Record extracts: Begin

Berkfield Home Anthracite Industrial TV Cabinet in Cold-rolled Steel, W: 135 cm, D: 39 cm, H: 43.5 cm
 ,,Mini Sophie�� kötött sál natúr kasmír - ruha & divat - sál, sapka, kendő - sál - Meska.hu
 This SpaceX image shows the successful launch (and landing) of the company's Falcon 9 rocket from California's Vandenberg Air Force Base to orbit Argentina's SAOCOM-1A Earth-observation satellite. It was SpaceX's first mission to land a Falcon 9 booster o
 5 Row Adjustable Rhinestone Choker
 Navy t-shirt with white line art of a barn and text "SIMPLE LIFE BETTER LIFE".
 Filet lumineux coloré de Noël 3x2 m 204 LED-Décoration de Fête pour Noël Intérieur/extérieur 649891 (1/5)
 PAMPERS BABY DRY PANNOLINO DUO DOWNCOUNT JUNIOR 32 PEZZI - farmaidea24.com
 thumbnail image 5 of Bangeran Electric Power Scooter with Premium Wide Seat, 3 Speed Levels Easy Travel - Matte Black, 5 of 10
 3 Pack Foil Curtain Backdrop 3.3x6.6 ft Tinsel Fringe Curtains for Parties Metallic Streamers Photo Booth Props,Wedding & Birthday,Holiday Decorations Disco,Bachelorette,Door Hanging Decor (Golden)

Record extracts: End

### [Work request]
Only the lines from the one with "sál - Meska.hu" through the end of the listing should be output, exactly as they appear.

### [Response to the task]
 ,,Mini Sophie�� kötött sál natúr kasmír - ruha & divat - sál, sapka, kendő - sál - Meska.hu
 This SpaceX image shows the successful launch (and landing) of the company's Falcon 9 rocket from California's Vandenberg Air Force Base to orbit Argentina's SAOCOM-1A Earth-observation satellite. It was SpaceX's first mission to land a Falcon 9 booster o
 5 Row Adjustable Rhinestone Choker
 Navy t-shirt with white line art of a barn and text "SIMPLE LIFE BETTER LIFE".
 Filet lumineux coloré de Noël 3x2 m 204 LED-Décoration de Fête pour Noël Intérieur/extérieur 649891 (1/5)
 PAMPERS BABY DRY PANNOLINO DUO DOWNCOUNT JUNIOR 32 PEZZI - farmaidea24.com
 thumbnail image 5 of Bangeran Electric Power Scooter with Premium Wide Seat, 3 Speed Levels Easy Travel - Matte Black, 5 of 10
 3 Pack Foil Curtain Backdrop 3.3x6.6 ft Tinsel Fringe Curtains for Parties Metallic Streamers Photo Booth Props,Wedding & Birthday,Holiday Decorations Disco,Bachelorette,Door Hanging Decor (Golden)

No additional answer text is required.